American computer scientist

Carlo Heinrich Séquin (born October 30, 1941) is a professor of computer science at the University of California, Berkeley, in the United States.

Séquin is recognized as one of the pioneers in processor design. Séquin has worked with computer graphics, geometric modelling, and on the development of computer-aided design (CAD) tools for circuit designers. He was born in Zurich, Switzerland.

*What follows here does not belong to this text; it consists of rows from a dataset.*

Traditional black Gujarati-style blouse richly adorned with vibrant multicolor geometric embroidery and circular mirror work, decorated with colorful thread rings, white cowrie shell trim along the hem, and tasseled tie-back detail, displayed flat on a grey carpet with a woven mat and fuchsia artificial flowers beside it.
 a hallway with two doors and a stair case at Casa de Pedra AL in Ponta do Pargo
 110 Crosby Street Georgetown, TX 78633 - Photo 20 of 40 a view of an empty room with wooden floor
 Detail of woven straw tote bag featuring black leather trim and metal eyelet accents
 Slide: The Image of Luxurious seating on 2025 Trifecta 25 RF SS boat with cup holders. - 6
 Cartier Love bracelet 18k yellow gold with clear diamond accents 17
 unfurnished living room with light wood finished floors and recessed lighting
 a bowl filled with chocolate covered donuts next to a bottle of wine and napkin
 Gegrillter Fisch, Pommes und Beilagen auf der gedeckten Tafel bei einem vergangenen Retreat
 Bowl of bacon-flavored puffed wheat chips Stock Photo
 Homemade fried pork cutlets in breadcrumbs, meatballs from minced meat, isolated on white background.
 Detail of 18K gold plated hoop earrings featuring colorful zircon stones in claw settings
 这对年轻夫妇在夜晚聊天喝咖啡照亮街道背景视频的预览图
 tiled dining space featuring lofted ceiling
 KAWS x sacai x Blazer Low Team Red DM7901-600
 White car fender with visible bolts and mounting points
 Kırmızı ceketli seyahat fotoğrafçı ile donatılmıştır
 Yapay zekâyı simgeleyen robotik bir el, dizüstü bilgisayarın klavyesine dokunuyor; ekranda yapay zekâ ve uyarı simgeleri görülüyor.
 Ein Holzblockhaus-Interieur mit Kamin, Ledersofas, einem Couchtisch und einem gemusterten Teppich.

Séquin is a Fellow of the Association for Computing Machinery.

==Academic history==
Séquin holds the Baccalaureate type C (in Math and Science), Basel, Switzerland (1960), the Diploma in Experimental Physics, University of Basel, Switzerland (1965), and a Ph.D in Experimental Physics, from the Institute of Applied Physics, Basel (1969).

==Career==
Having received his doctorate, Séquin went on to work at the Institute of Applied Physics in Basel on the interface physics of MOS transistors and problems of applied electronics in the field of cybernetic models. From 1970 to 1976 Séquin worked at Bell Telephone Laboratories in New Jersey on the design and investigation of charge-coupled devices for imaging and signal processing applications. While at Bell Telephone Laboratories he was introduced to computer graphics in lectures given by Ken Knowlton.

In 1977 Séquin joined the Faculty in the Electrical Engineering and Computer Science Department (EECS) at Berkeley where he introduced the concept of RISC processors with David A. Patterson in the early 1980s. He was head of the Computer Science Division from 1980 to 1983. Since then he has worked extensively on computer graphics, geometric modelling, and on the development of computer aided design (CAD) tools for circuit designers, architects, and for mechanical engineers.

Séquin's expertise in computer graphics and geometric design have led to his involvement with sculptors of abstract geometric art, which was inspired by the analytic constructivism of Frank Smullin.

Séquin is a Fellow of the Association for Computing Machinery (ACM), a Fellow of the IEEE, and has been elected to the Swiss Academy of Engineering Sciences. Since 2001 he has been Associate Dean, Capital Projects, at Berkeley’s College of Engineering.